La otra mano del señor Oliver seguía en el elástico de mis braguitas, pero ya no se movía. Entonces abrió los ojos y se puso completamente rojo. Por un momento tuve la sensación de que iban a estallarle los ojos.

Sacudió la cabeza hacia un lado. Apartó la mano de mí y se la llevó al cuello. El dardo se había clavado bien. Se miró los dedos manchados de sangre, desinfló las mejillas y empezó a toser y a escupir. Con los dientes apretados, movió los labios y farfulló una sola palabra: «Zorra».

Y entonces se revolvió contra mí.

No me asusté al ver la sangre, y encajé el golpe. Volvió a pegarme. Logré escapar de la cama, bajar las escaleras a todo correr y salir de casa.

Dejé atrás los cobertizos de la granja abandonada donde los chicos jugaban a la guerra y a piratas, porque de noche daban mucho miedo. Dejé atrás el bosque donde Robin Hood conspiraba con lady Marion. También me asustaba. Seguí corriendo hasta que la punzada en el costado me dobló por la mitad y tuve que apretarme con la mano. Cuando por fin llegué al granero, jadeando, apenas quedaba luz.

Subí por la escalerilla y me senté en el suelo de tablones, con la cabeza entre las rodillas. Poco después me sobrepuse al mareo y me escondí debajo del heno, para protegerme del mundo. Ni siquiera me preocupaban las ratas. Me imaginé qué estaría pasando en casa. La impresión de Veronica. La sangre. El enfado de mi padre. El señor Oliver mentiría, diría que él no había hecho nada, que yo lo había atacado sin ningún motivo.

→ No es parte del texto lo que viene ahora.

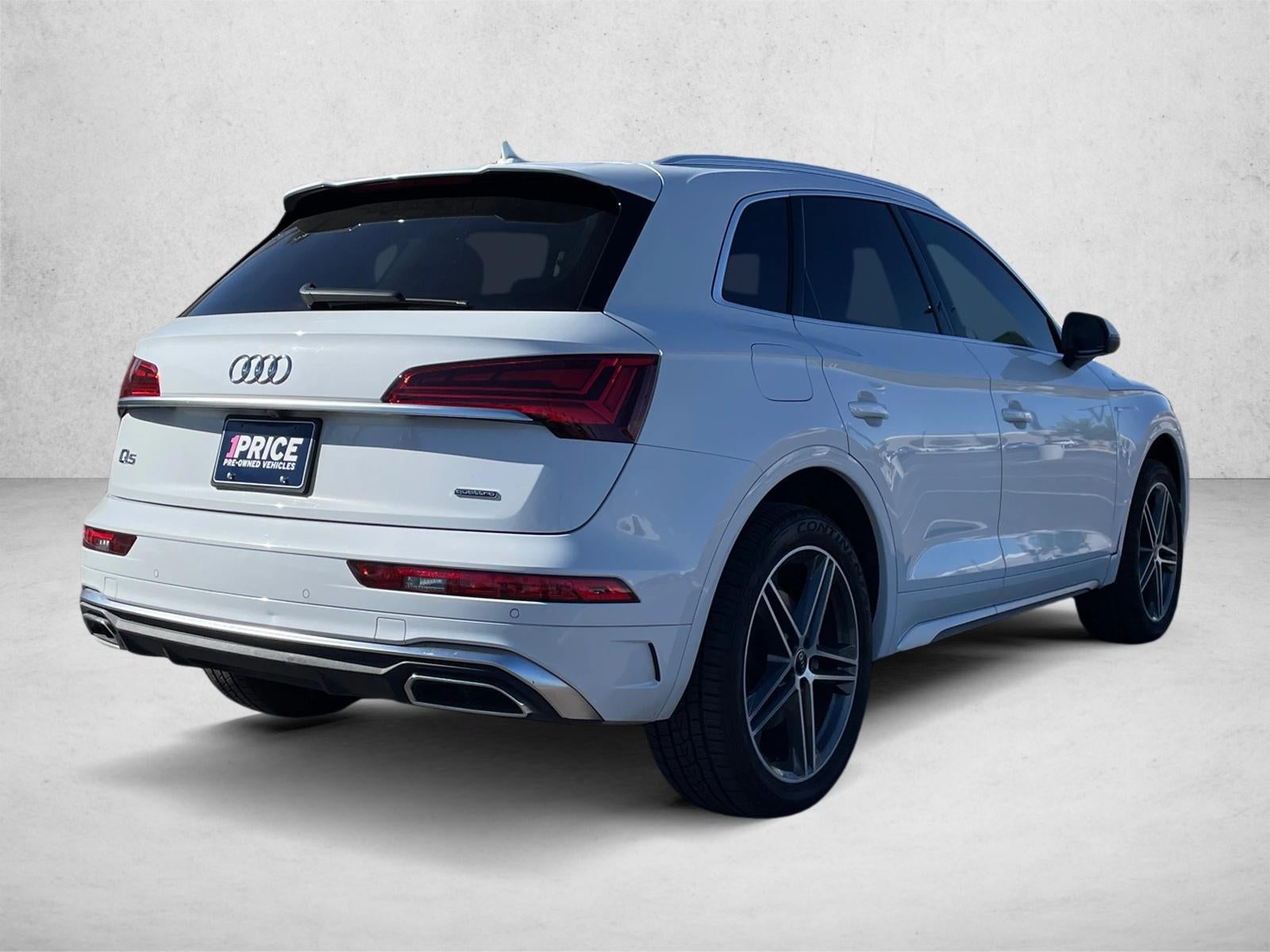 2021 Audi Q5 Premium 55 TFSI e quattro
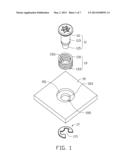 SCREW ASSEMBLY diagram and image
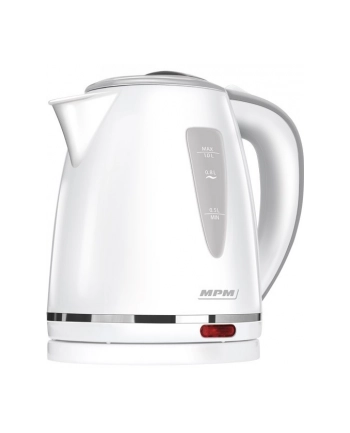 Czajnik bezprzewodowy 1 0 l MPM  MCZ-64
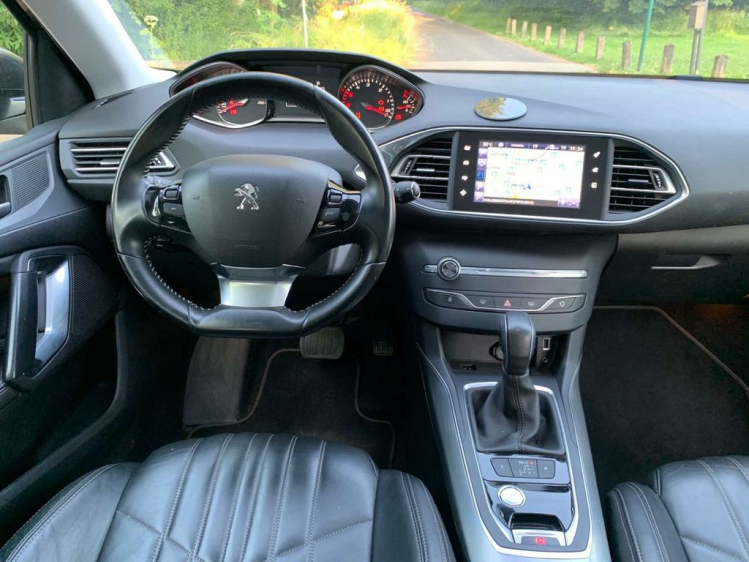 Peugeot 308 SW e-HDi 115 Stop & Start Allure BDO Cars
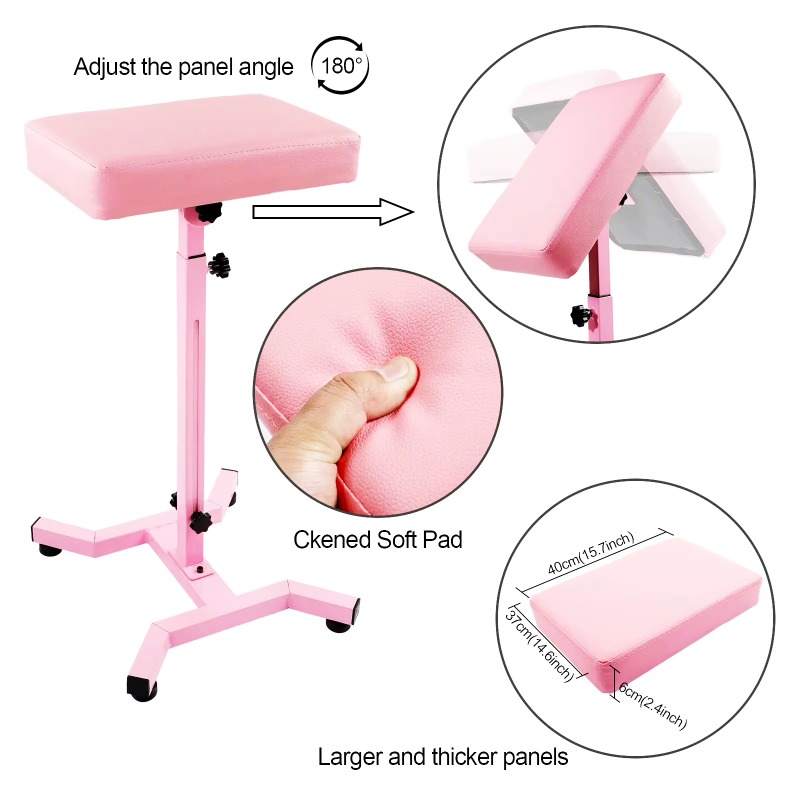 Height-angle Adjustable Pink T - Leatherwork Tattoo review and price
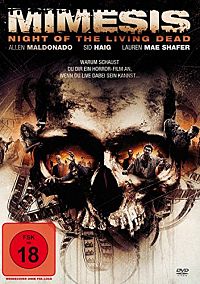 Mimesis - Night of the Living Dead [DVD], 1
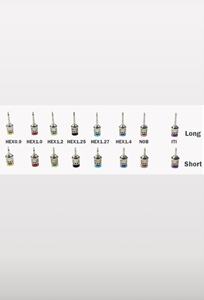 Kit de Implantes Dentales Integrado con Soluciones de Plataforma Estándar y Ancha, Fuente de Alimentación Manual - Product Image 3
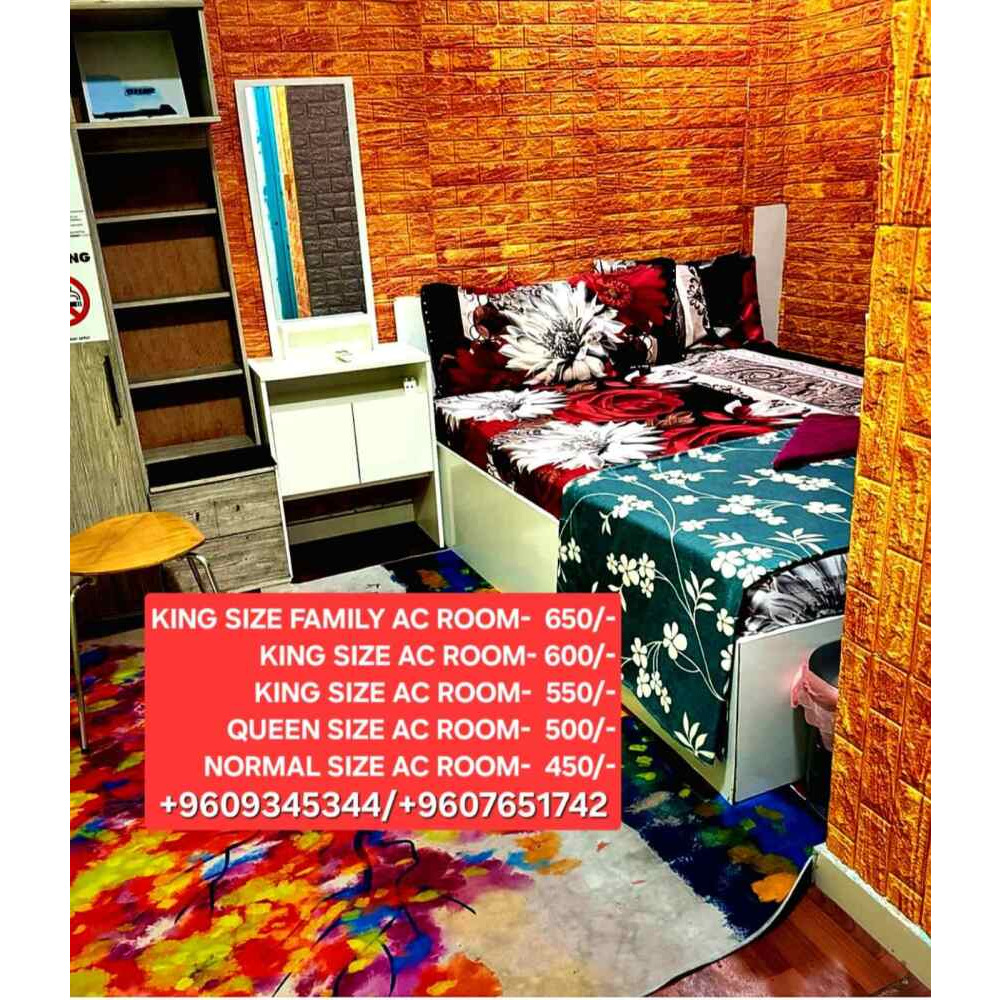 ROOMS FOR DAILY/HOURLY RENT IN MALE. CALL OR VIBER FOR BOOKING — Malé — Maafannu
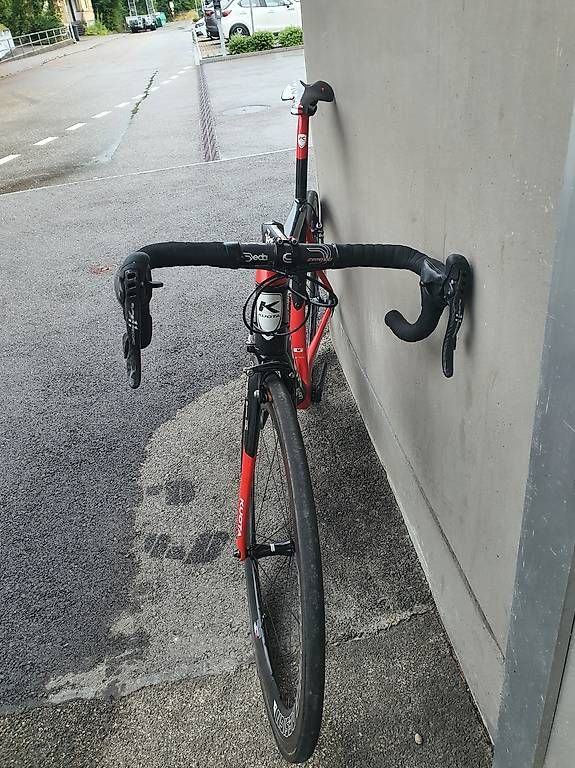 Biciclette: Rennmaschine Kuota Khan – Usato da Grenchen venduto da AngiBall 5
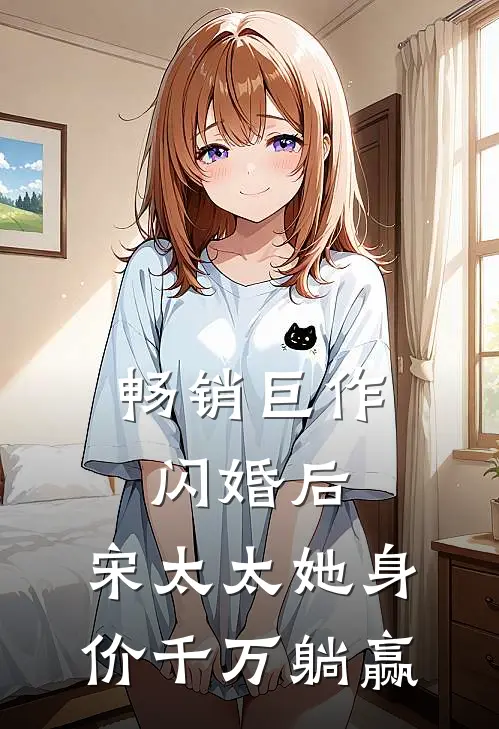 畅销巨作闪婚后，宋太太她身价千万躺赢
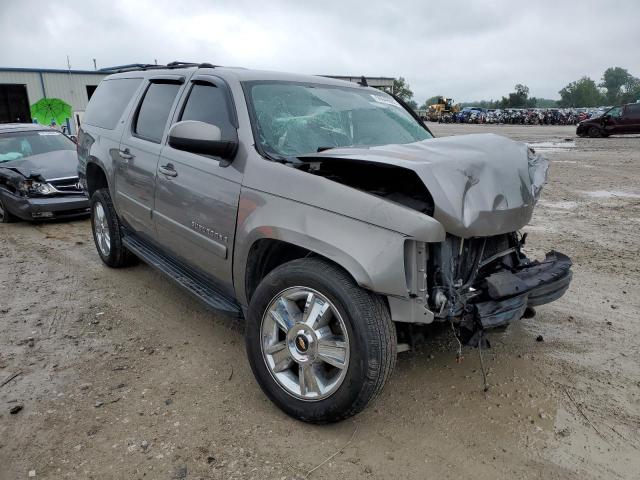 CHEVROLET SUBURBAN C 2007 with VIN 3GNFC160X7G131609 - Photo from auction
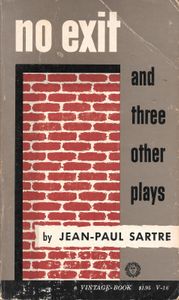 No Exit and Three Other Plays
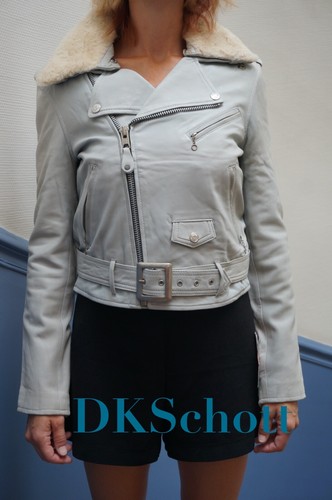 Perfecto femme schott avec - perfecto,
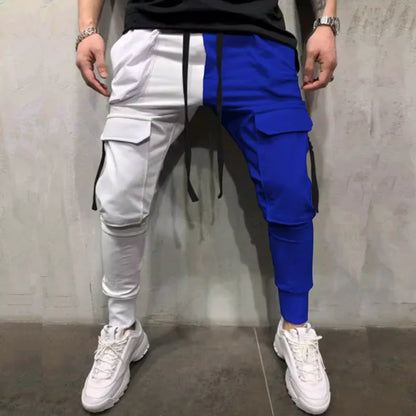 Loose Hip Hop Cargo Pants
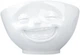 Miska do sałatek Tassen Śmiech porcelanowa 500 ml (4250255859137) - obraz 1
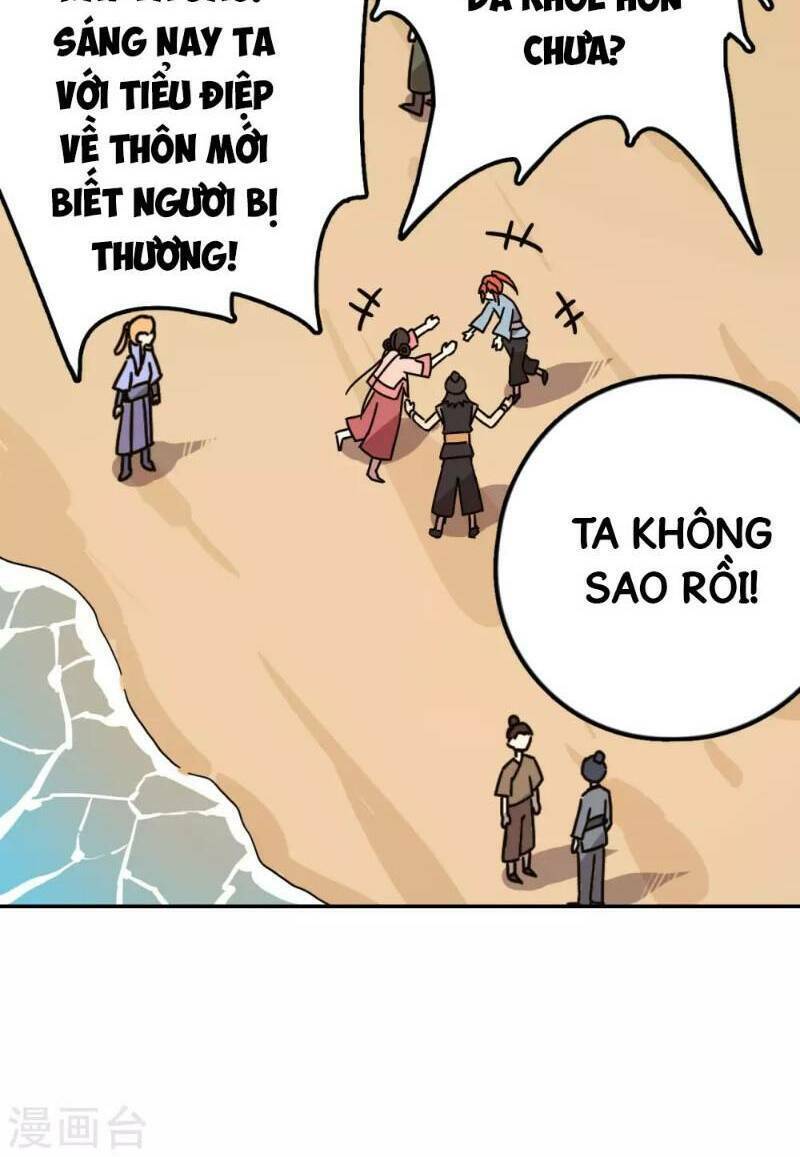 Luân Hồi Nhất Kiếm Chapter 5 - Trang 2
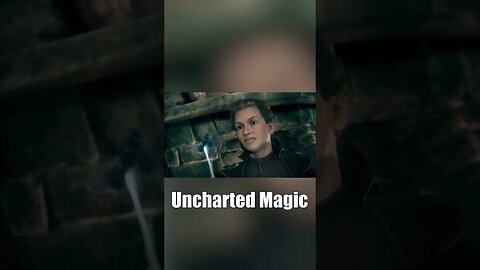Uncharted Magic #shorts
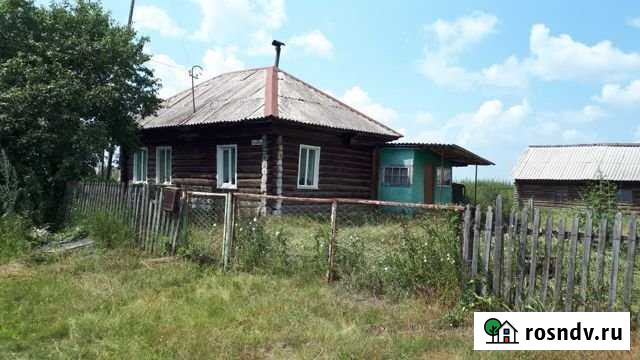 Дом 33 м² на участке 49 сот. на продажу в Ребрихе Ребриха - изображение 1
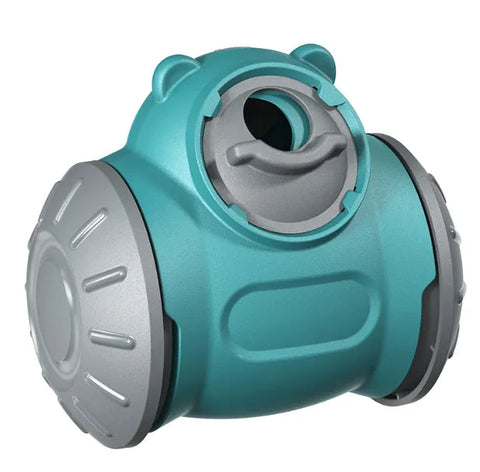 Pet Treat Dispensing Tumbler Toy Frugal Finds Galore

Y aunque yo contase la verdad, ellos lo creerían a él en vez de a mí. Pero ¿y si hubiera muerto? ¿Y si lo hubiera matado? Me eché a temblar.

Billy vendrá por la mañana, pensé. Me ayudará a huir. Primero me esconderá y después me ayudará a huir. Iría a Liverpool, viajaría en un barco de polizón y encontraría a mi madre. Estaba orgullosa de no haberme desmayado al ver la sangre, cosa que a mí madre sí le habría ocurrido.

Ay, mamá.

Cuando la soledad se acercó poco a poco, sentí como si me hubiera caído en un pozo muy hondo del que no lograría salir jamás y lloré por mi madre como nunca había llorado.